Kyunghee Pyun, associate professor of Art History

As a scholar of the history of collecting, I have paid close attention to world expositions from the 19th century. These world’s fairs were crucial opportunities to introduce non-Western art and culture to European audiences and then to Americans. A 2023 exhibition at the Cooper Hewitt, Smithsonian Design Museum called Deconstructing Power: W. E. B. Du Bois at the 1900 World’s Fair inspired me to launch a new research project.

Data Visualization, “Assessed valuation of all taxable property owned by Georgia Negroes.”, 1900; Ink and watercolor on board; 71 × 56 cm (27 15/16 × 22 1/16 in.). Credit: Library of Congress Prints and Photographs Division.
Caption: Data Visualization, “Income and expenditure of 150 Negro families in Atlanta, Ga., U.S.A.”, 1900; Ink and watercolor on board; 56 × 71 cm (22 1/16 × 27 15/16 in.). Credit: Library of Congress Prints and Photographs Division.

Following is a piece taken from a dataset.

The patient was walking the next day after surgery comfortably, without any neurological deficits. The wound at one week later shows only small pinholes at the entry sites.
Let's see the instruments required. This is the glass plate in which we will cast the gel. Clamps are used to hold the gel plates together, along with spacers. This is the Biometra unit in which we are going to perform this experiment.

For the 1900 world’s fair, in Paris, American civil rights activist and sociologist W. E. B. Du Bois and his students at Atlanta University created 63 hand-drawn infographics demonstrating the social progress of Black Americans over three decades. These data visualization posters incorporated graphic design so modern that it shocked me.

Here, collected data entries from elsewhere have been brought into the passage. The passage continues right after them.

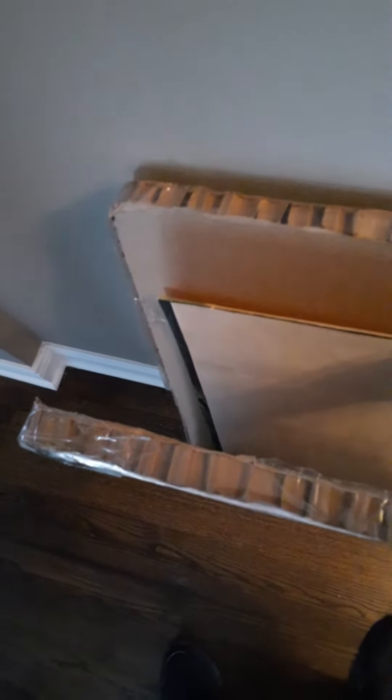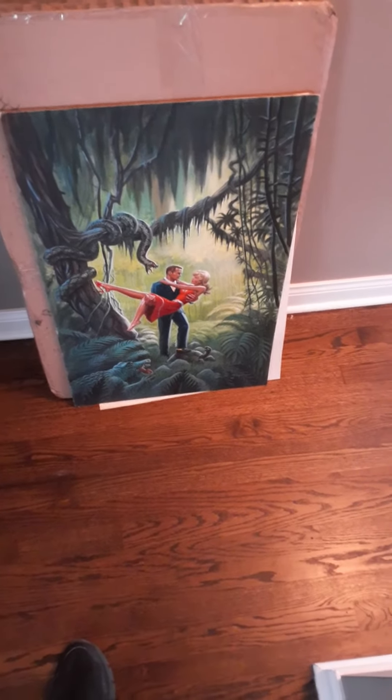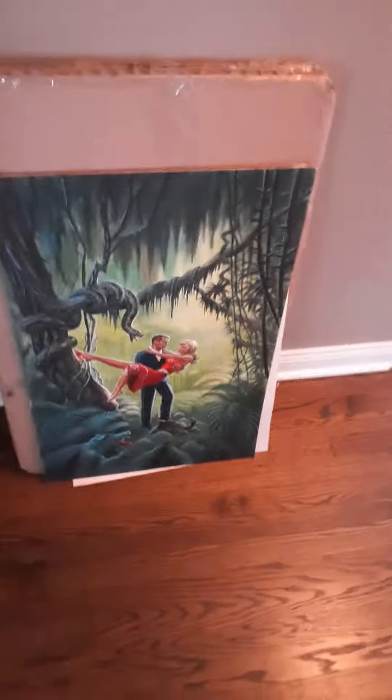They did some artwork. I already cut this open so it'll be easier to show you. This is called Sacrifice — it was a B movie, and this is the original artwork for the video box. It's a guy with a woman, snakes in the jungle, alligators, all kinds of animals coming at him. That's the original artwork that was commissioned for this.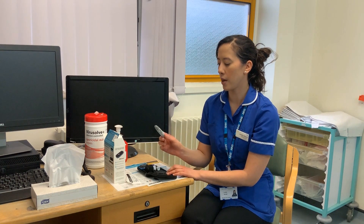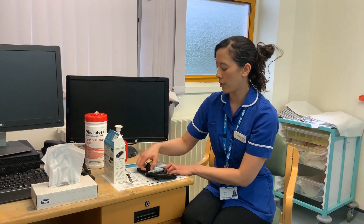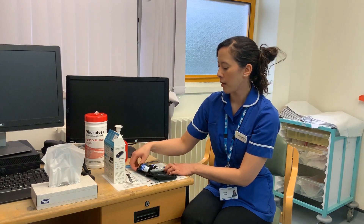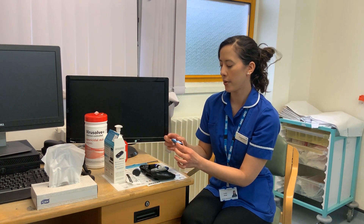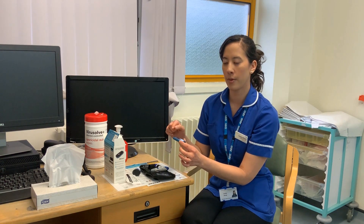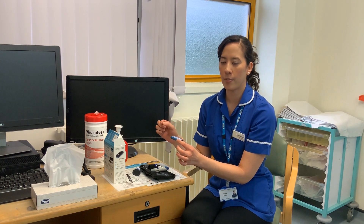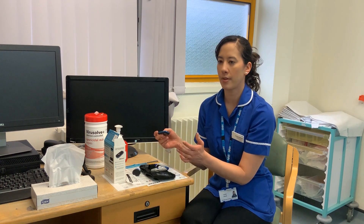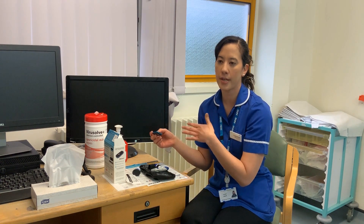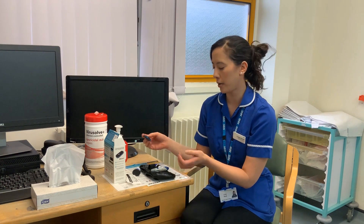In your kit, you've got your lancet device, which you would use to prick your finger. You've got your testing strips, and then your meter, which works via Bluetooth and syncs to your phone. On your phone, you've downloaded an app called the GDM Health App, which allows us in the diabetes team to help you monitor your blood glucose levels.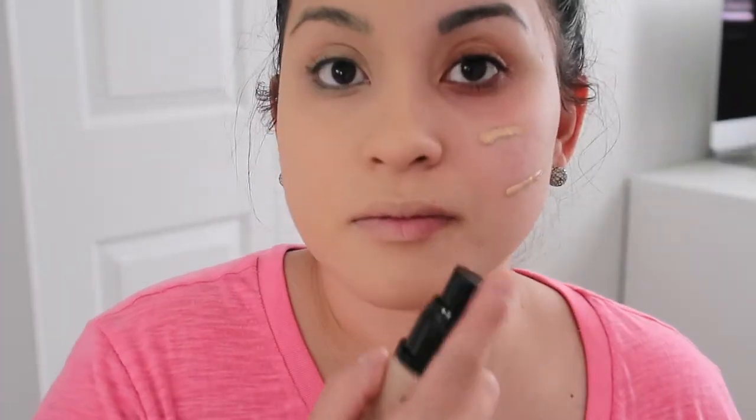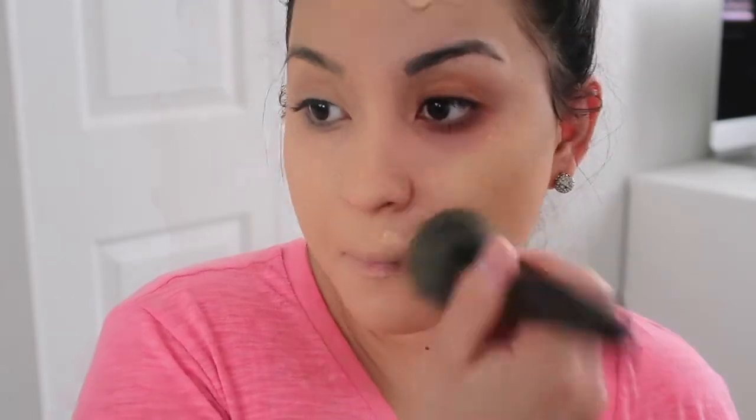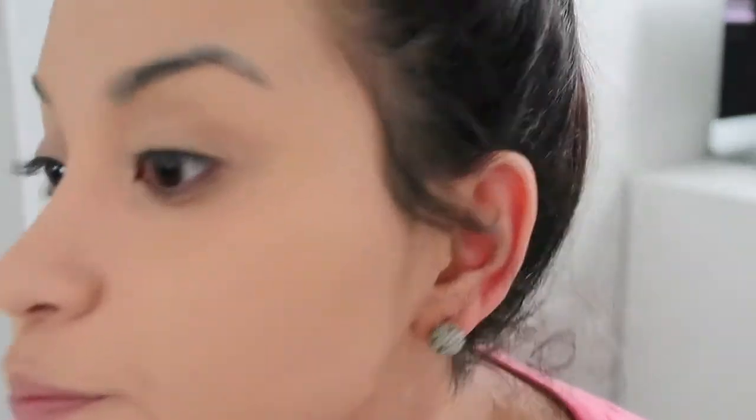Now we are going to use the brush for this side. I'm just going to put the foundation on my face rather than on the brush directly, and we are just going to pat it. So now I have both sides done. They both look good, but I feel like the sponge side is a little more smooth than the brush side. I'm going to try adding another layer of foundation with the sponge on the redness side to see if it is buildable.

These data visualization posters incorporated graphic design so modern that it shocked me.
— Kyunghee Pyun

Around the same time, while researching my upcoming article on labor in the Korean textile industry for the Journal of the Royal Asiatic Society, I came upon postcards featuring infographics created by the Japanese colonial government in the 1920s to ’40s.
Korea was a Japanese colony in the early 20th century. From 1910 to 1945, there was no mention of Korea on the world map; Koreans were part of the Empire of Japan and subject to exploitation. On the postcards, sophisticated pie charts and bar graphs deceptively illustrate dazzling progress with “objective” statistics to validate Japan’s imperial expansion and falsely show that it was bringing enlightenment to its colonies.

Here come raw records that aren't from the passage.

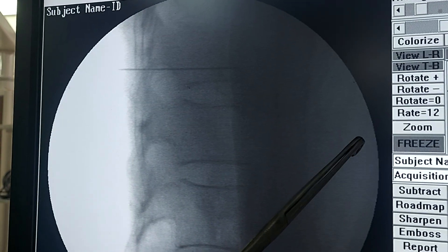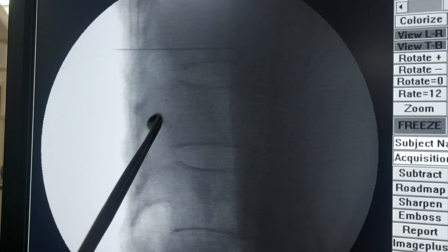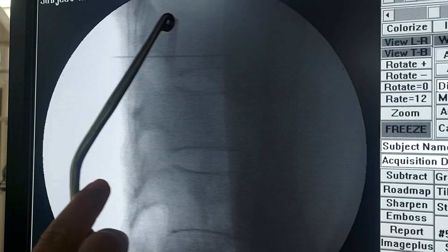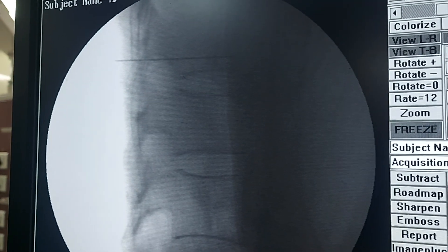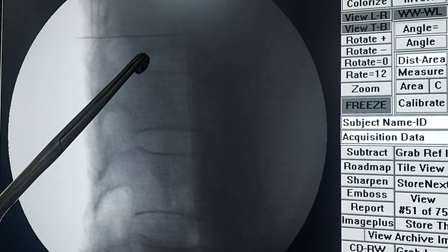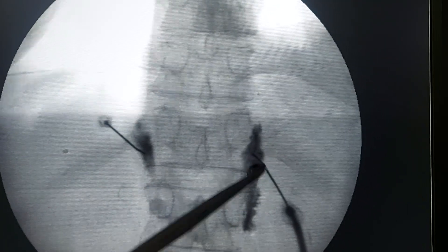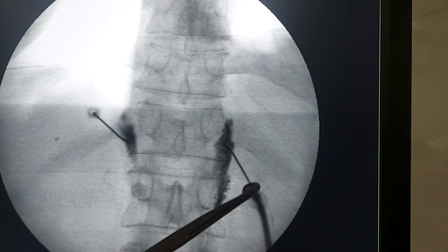In the lateral view you can see the vertebral body — anterior side, posterior side, vertebral body, intervertebral disc, canal, pedicles, and ribs. Our needle has entered a little anteriorly. Please try to hit the bone so you don't go too anteriorly. If you don't hit bone intermittently, take a lateral view. Then insert the needle on the opposite side using the same technique.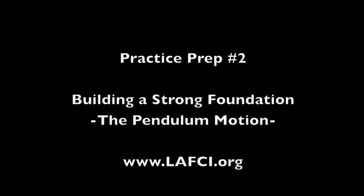Welcome to practice prep number two: building a strong foundation — the pendulum motion. This prep will continue with the basics of body awareness, and we'll learn how to use the baton as a natural extension of the arm. In another video, we'll discuss in greater detail how to hold the baton, but for the purpose of this exercise, hold the baton in a way that feels comfortable to you.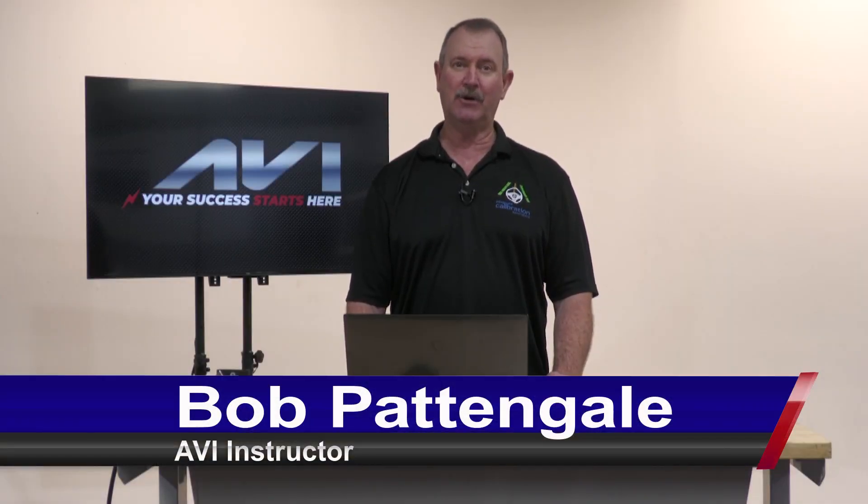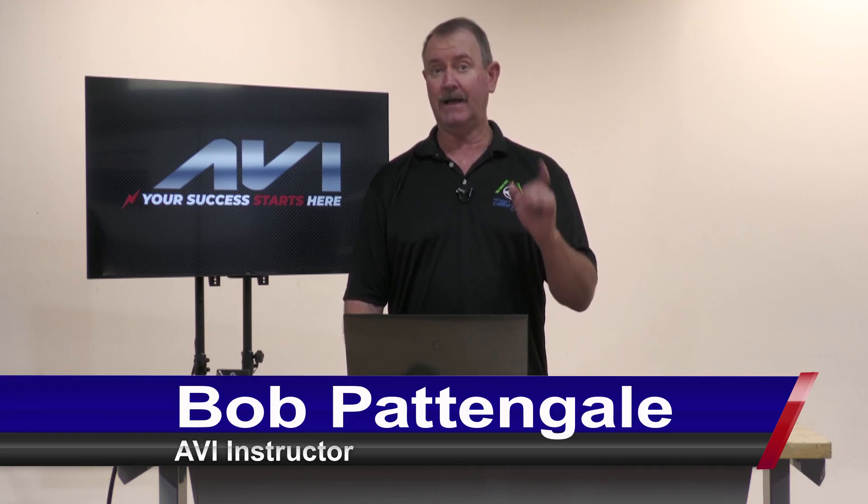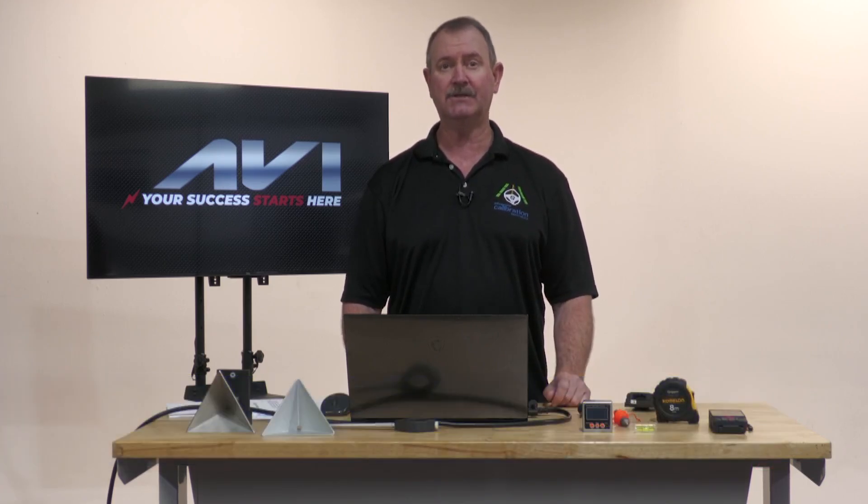Hello, I'm Bob Pattengill with Advanced Calibration Specialists, talking about helping you pass the ASE L4 ATIS Advanced System Test.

The cards also show subtle disdain for folkloric and cultural customs, as rural Koreans were depicted in shabby, ethnic clothing or as drunkards or fools.
In the 1930s, the journalist and historian Yi Yeoseong exposed the truth behind the statistics. For example, Yi pointed out that the growth of the Korean population and industries they worked for (see illustration) were not the result of the colonial government’s efficient management and scientific techniques, but because the land was ruthlessly exploited and taxed by the Empire of Japan.
The depiction of data reflects the intent of the presenter. Du Bois’ graphics showed the progress of African Americans after the Civil War despite persistent racism in many parts of the country. The Japanese used seemingly objective data visualizations to justify colonial governance and implicitly emphasize “uncivilized” aspects of ethnic groups under its authority. As I often point out in my classes, infographics leave much room for interpretation and contextualization.

Kyunghee Pyun is an associate professor of art history. Her scholarship focuses on the history of collecting, reception of Asian art, and intersectionality of art and technology, and industrial history. Du Bois’ posters inspired her to include data visualization and pioneering graphic designers from the late 19th to the late 20th century in her research. She received a fellowship from the Korea Foundation to continue the project in South Korea in 2024.

Population charts (lower graph) showing different professions in the Japanese Empire in 1929. With employment in farming at 80% and engineering/manufacturing and government at only 2% and 3%, respectively, it’s clear that Japanese measures were not changing conditions for Koreans. The woman is shown in “ethnic” clothing.
Population charts (pie) showing Japanese (443,402) versus Korean (19,020,030), Chinese (58,057), and other foreigners (1,456) by Government General Postcard, 1926.